A recently patched flaw in VMware Cloud Director could allegedly allow hackers to remotely execute code and take control of private clouds.
As reported by ZDNet, the flaw was discovered in April by penetration testing firm Citadelo, which tracked it as CVE-2020-3956.
VMware gave it a CVSSV3 severity score of 8.8 – which classifies the vulnerability as “important” - and described it as failure to properly handle input.
According to Citadelo, the flaw could lead to code execution and cloud takeover, but VMware was careful to note that the attacker would still require a level of authenticated access.
"An authenticated actor may be able to send malicious traffic to VMware Cloud Director which may lead to arbitrary remote code execution," said VMware. "This vulnerability can be exploited through the HTML5- and Flex-based UIs, the API Explorer interface, and API access."

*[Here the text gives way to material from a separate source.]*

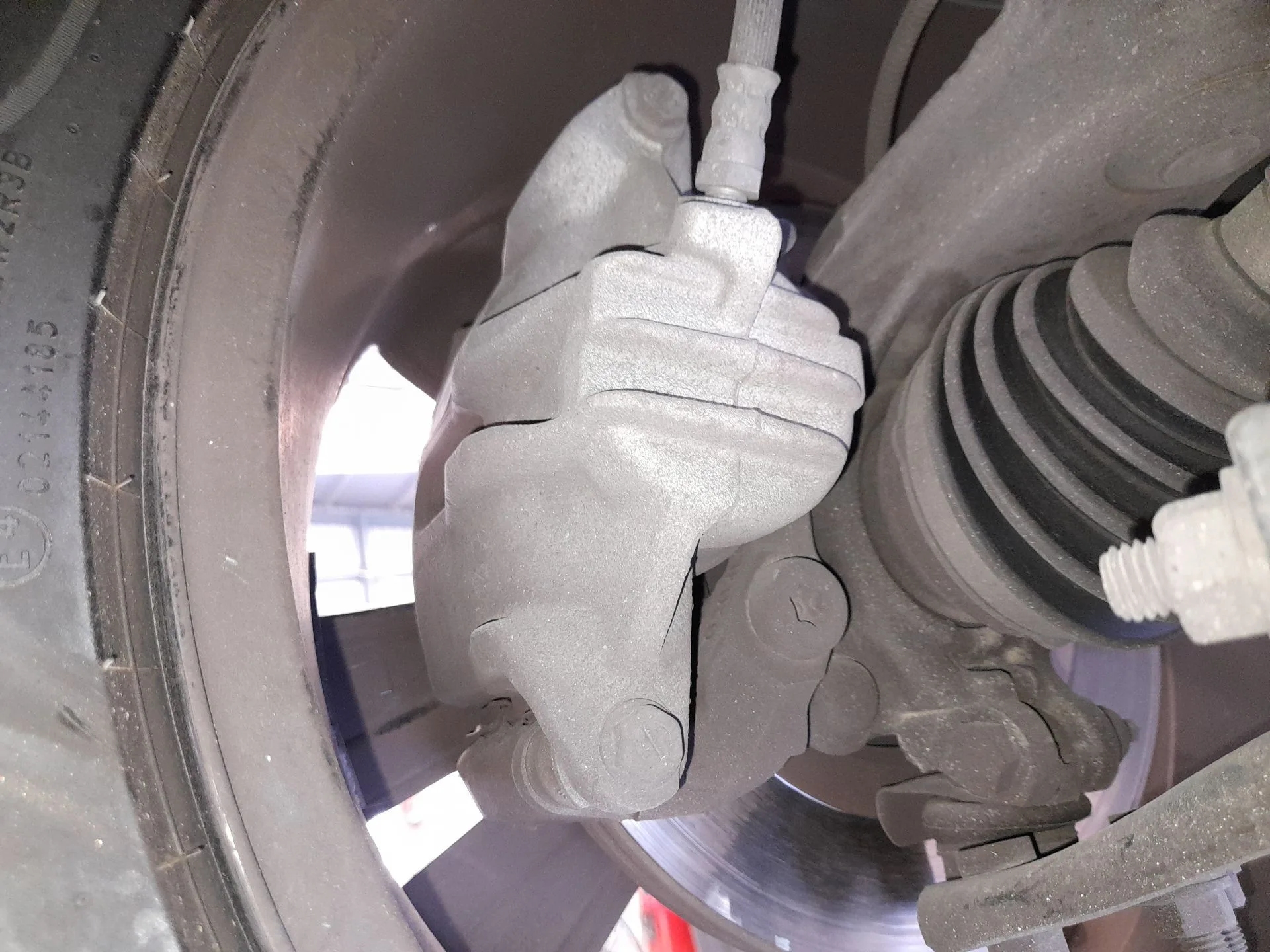Pinza Freno Delantera Derecha para Citroën C3 Iii (Sx)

The company pushed an advisory to its customers in mid-May, in which it explained all versions of VMware Cloud Director up to v 10.1.0 were affected. Linux-bound vCloud Director 8x - 10x and PhotonOS appliances were also vulnerable.
Relevant patches are now available to download, as well as a workaround, which can be accessed here.
VMware Cloud Director is a cloud service-delivery platform used primarily for virtual data centre management, expansion and cloud migration, designed for cloud service providers and global enterprises.